There were other, internal, factors: “I had to make a real effort to remember what it was to be Eloise, or in her position.” At first, author and character were essentially contemporaries—in fact, Eloise was a few months ahead in her semester. But the gap between them has inverted and widened as Willig entered and left the law, got married, and had a daughter; Eloise, lagging behind, only just abandoned Harvard.

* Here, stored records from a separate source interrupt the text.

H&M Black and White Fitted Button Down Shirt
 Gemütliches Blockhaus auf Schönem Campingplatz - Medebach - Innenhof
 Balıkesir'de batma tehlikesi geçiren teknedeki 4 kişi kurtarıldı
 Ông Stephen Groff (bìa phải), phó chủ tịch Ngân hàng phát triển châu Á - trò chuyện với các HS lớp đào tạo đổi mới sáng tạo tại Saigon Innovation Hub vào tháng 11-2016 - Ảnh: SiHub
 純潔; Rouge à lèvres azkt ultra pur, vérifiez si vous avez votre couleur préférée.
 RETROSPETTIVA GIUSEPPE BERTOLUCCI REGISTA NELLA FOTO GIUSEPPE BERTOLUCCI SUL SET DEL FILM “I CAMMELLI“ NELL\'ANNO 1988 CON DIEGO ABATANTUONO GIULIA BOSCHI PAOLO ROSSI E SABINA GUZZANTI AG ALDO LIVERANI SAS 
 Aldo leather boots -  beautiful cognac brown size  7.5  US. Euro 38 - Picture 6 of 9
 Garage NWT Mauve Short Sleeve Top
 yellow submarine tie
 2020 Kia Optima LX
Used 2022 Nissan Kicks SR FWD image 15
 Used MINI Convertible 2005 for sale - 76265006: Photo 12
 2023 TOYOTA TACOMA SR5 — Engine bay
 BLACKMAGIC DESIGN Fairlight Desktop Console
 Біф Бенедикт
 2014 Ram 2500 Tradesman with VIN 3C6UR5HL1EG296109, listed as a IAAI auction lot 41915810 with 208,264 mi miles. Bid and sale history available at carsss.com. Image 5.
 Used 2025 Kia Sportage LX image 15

Revisiting the reviews of her early work, Willig finds herself agreeing with those who described it as “relentlessly effervescent” and the characters as “young and carefree.” She believes the series has grown up along with her. After nearly a dozen novels’ worth of staying in the shadows, donning disguises, directing her operatives, and gathering intelligence, the hyper-competent Jane (alias the Pink Carnation) at last gets to tend to her private affairs. As for Eloise? Happily-ever-after comes with wedding bells—and a book deal.